History of time - Beginning of time
“Only barbarians are not curious about where they come from, how they came to be where they are, where they appear to be going, whether they wish to go there, and if so, why, and if not, why not.” Isiah Berlin
The origin of the universe has been a topic of debate for millennia. It seems to be human nature to want to trace our ancestry back to its roots. Even the ancient Greeks tried to figure out where our universe came from. Aristotle argued that nothing can come from nothing, and therefore something had to have always existed. He believed there was never a time when the world did not exist. Many philosophers and scientists agree with this stand today, arguing that it is impossible to find such roots because we can reach backwards in time eternally without ever reaching the very beginning. Others say that there was a defining moment when the universe was created, whether it was through divine intervention (creationism) or through a cataclysmic explosion (evolution).
A leading theory concerning the origin of the universe today, takes the latter approach. The Big Bang Theory explains the existence of the universe by arguing that at some point, approximately fifteen billion years ago, an explosion of cosmic proportions sent matter flying in different directions. This matter would then become the building blocks of the universe – galaxies, stars, and ultimately planets. The Big Bang Theory can, at least in part, be traced back to the ideas of Einstein in the early 1900’s. The theory rests on the foundations of the Cosmological Principle and general relativity. The Cosmological Principle suggests that matter in the universe is spread out somewhat evenly across the galaxies in a stable way and that one part of the universe looks pretty much like any other part. Einstein’s concept of general relativity transformed gravity from a field into something able to bend time and space, changing the world from a three dimensional entity to a four dimensional one, with the addition of time as the fourth dimension.
In 1927, Georges Lemaitre unveiled his Big Bang theory proposing that the universe was created through the cataclysmic explosion of a cosmic egg or super atom.

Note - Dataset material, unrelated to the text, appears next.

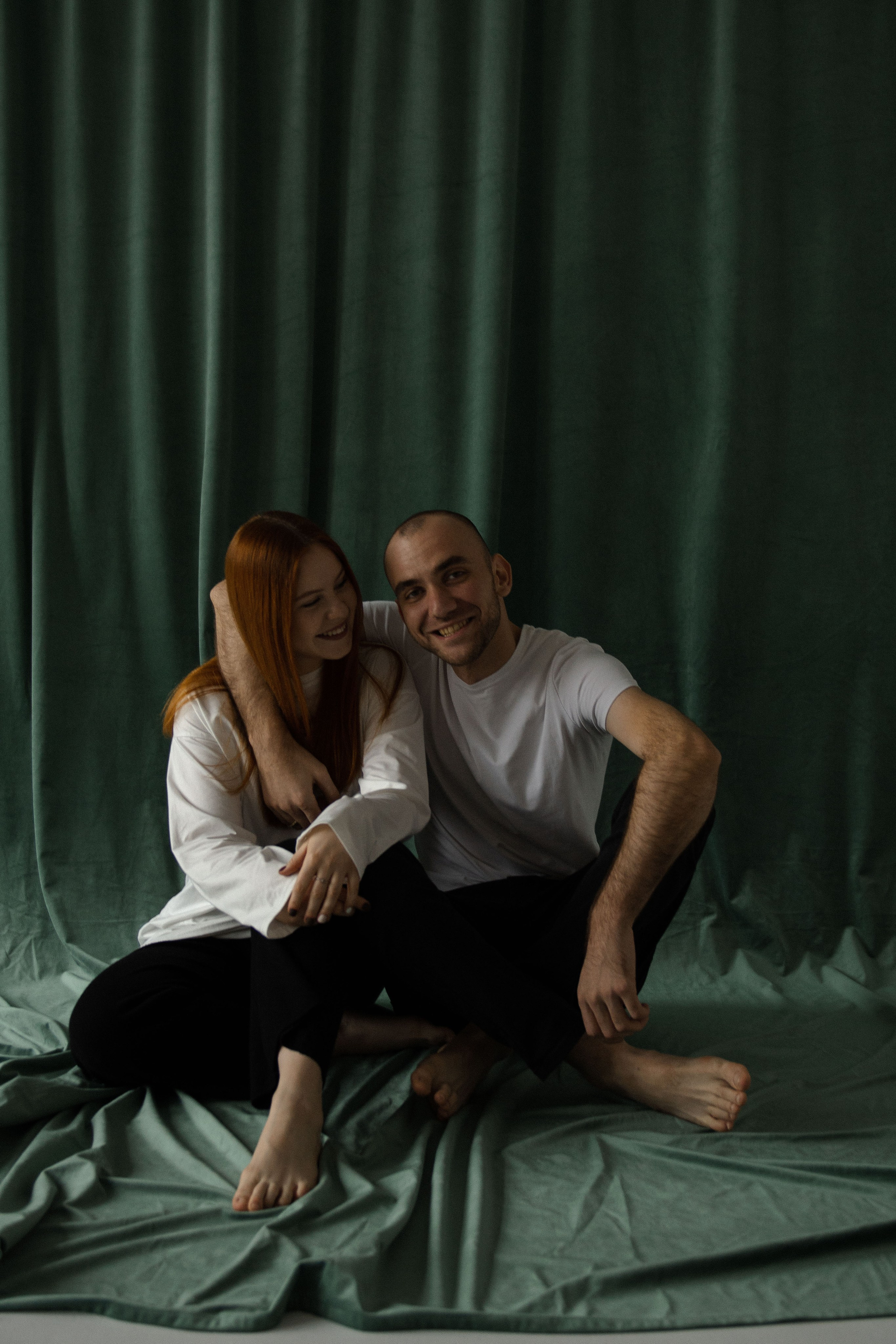 Настя и Саша. Свадебный и женский фотограф в Ставрополе Вика Лексеева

He theorized that this explosion launched the expansion of space and the beginning of time. Hubble found proof to support Lemaitre's theory when he determined that other galaxies are indeed moving away from us, which is in line with the idea that at some point in the past, there was an explosion that sent all matter flying away from some point of origin. In addition, radiation left over from this hypothesized explosion was found in 1964 by Nobel Prize winners Robert Wilson and Arno Penzias.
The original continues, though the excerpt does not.